This is a good result.


On the other side of the spectrum, we have a version with 64-bit accumulation of 32-bit source data:

 innerloop: add eax,[ecx] adc edx,0 mov [sum],edx mov edx,[ebp-4] add edx,[ecx+4] mov [ebp-4],edx mov edx,[sum] adc ebx,0 add edi,[ecx+8] adc esi,0 add ecx,12 sub [ebp-8],1 jne innerloop 

Note that the x86 32-bit target does not have native support for 64-bit arithmetic using a set of normal (non-vector) instructions. Therefore, each accumulator is divided into separate upper and lower variable words, transferring from the lower word, manually distributed in the upper word.

In addition, the cycle unfolds three times instead of four.

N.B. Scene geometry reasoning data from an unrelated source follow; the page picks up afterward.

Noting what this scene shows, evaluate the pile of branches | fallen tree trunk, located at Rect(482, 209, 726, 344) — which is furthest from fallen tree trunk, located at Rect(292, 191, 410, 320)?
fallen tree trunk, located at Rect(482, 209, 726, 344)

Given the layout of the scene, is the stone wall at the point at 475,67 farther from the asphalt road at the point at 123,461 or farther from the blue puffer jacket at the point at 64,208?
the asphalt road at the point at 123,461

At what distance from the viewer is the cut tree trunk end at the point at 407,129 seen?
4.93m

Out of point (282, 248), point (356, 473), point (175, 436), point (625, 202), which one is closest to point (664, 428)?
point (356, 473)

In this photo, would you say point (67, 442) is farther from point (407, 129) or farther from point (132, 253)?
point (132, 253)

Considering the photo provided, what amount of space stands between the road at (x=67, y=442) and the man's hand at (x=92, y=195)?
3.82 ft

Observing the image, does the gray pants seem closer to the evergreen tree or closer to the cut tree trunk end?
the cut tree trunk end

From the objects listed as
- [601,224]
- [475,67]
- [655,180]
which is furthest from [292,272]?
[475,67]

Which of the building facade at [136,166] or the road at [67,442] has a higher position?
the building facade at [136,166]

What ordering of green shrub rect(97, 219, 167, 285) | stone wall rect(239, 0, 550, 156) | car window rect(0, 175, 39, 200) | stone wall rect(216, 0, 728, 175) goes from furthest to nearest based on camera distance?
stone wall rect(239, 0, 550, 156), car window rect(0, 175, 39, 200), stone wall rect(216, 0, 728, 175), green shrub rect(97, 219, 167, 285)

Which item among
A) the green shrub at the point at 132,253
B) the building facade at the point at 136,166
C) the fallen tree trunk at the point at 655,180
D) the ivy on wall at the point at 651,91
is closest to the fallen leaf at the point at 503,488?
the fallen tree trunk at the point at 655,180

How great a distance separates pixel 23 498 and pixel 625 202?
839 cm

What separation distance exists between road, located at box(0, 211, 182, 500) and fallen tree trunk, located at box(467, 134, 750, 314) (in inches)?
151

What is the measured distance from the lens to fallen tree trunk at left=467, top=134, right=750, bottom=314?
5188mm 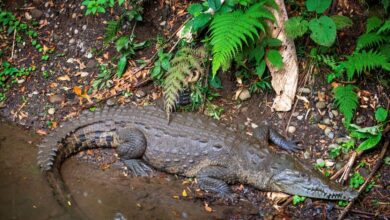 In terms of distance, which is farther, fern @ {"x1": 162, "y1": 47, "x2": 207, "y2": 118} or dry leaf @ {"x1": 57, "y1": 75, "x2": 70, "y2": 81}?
dry leaf @ {"x1": 57, "y1": 75, "x2": 70, "y2": 81}

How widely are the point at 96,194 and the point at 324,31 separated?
3179mm

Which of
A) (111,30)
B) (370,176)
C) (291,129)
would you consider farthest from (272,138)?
(111,30)

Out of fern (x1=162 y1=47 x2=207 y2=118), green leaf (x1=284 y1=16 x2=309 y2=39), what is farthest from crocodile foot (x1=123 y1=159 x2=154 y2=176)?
green leaf (x1=284 y1=16 x2=309 y2=39)

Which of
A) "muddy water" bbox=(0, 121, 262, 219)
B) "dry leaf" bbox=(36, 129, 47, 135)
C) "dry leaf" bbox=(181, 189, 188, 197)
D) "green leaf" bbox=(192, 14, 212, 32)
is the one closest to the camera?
"muddy water" bbox=(0, 121, 262, 219)

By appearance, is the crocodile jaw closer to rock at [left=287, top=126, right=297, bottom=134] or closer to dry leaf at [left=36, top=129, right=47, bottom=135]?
rock at [left=287, top=126, right=297, bottom=134]

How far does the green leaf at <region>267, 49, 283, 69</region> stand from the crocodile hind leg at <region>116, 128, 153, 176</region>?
1827 millimetres

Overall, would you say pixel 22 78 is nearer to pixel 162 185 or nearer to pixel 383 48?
pixel 162 185

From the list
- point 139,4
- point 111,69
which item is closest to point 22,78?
point 111,69

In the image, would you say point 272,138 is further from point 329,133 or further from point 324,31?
point 324,31

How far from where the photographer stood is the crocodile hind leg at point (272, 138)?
217 inches

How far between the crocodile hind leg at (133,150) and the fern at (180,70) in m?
0.49

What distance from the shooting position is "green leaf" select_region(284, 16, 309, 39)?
5.20 meters

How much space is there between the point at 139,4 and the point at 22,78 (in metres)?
2.03

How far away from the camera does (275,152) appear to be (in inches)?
213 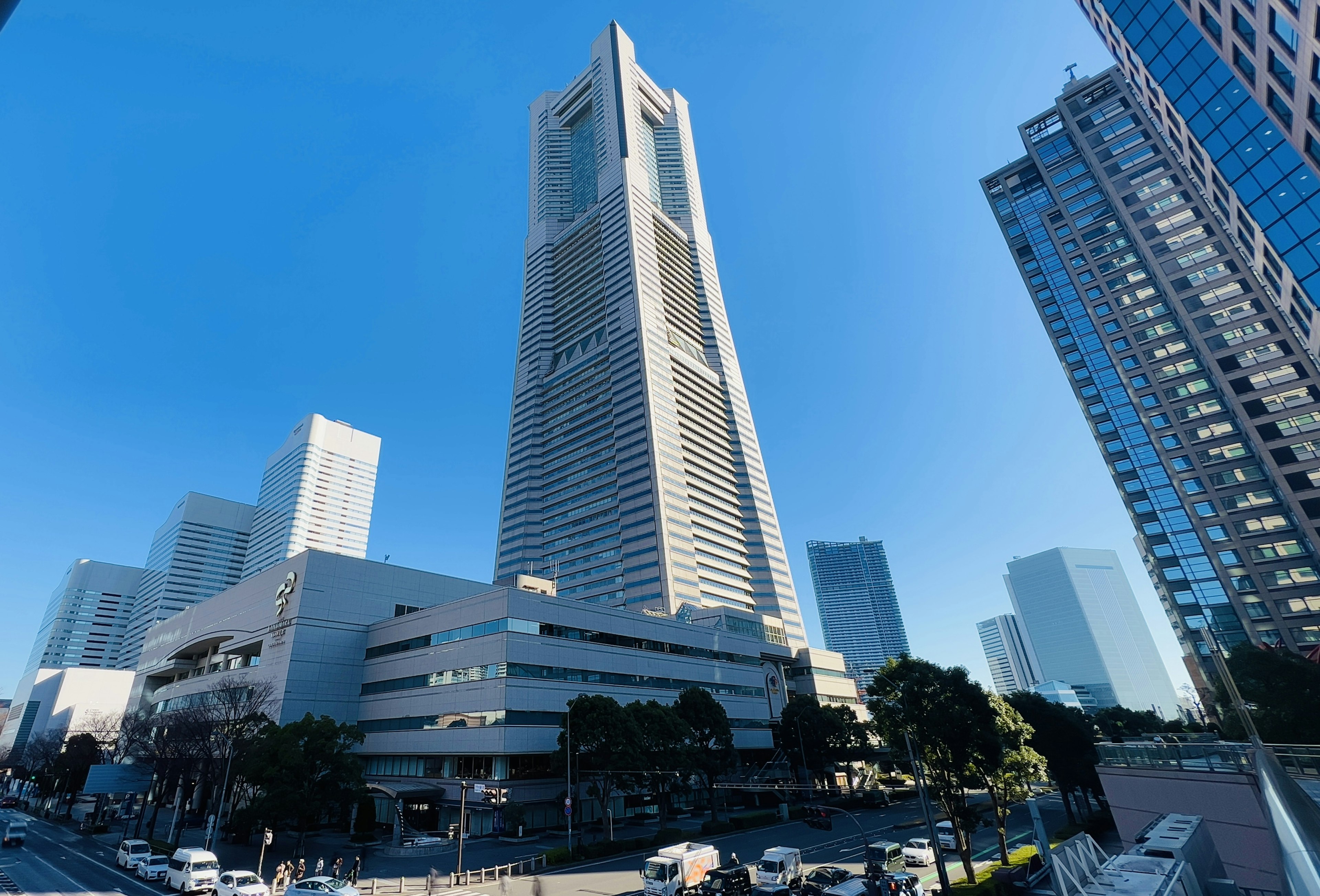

The pseudo-C version reads something like this:

 do { sum1_lo += ptr[0]; if(carry) ++sum1_hi; sum2_lo += ptr[1]; if(carry) ++sum2_hi; sum3_lo += ptr[2]; if(carry) ++sum3_hi; ptr += 3; } while(--count); 

Unfortunately, the deployment here is pessimistic, since the processor has run out of registers and is forced to disable sum1_lo / sum2_lo and count in memory. A roll factor of two would be the right choice and would not even turn around faster.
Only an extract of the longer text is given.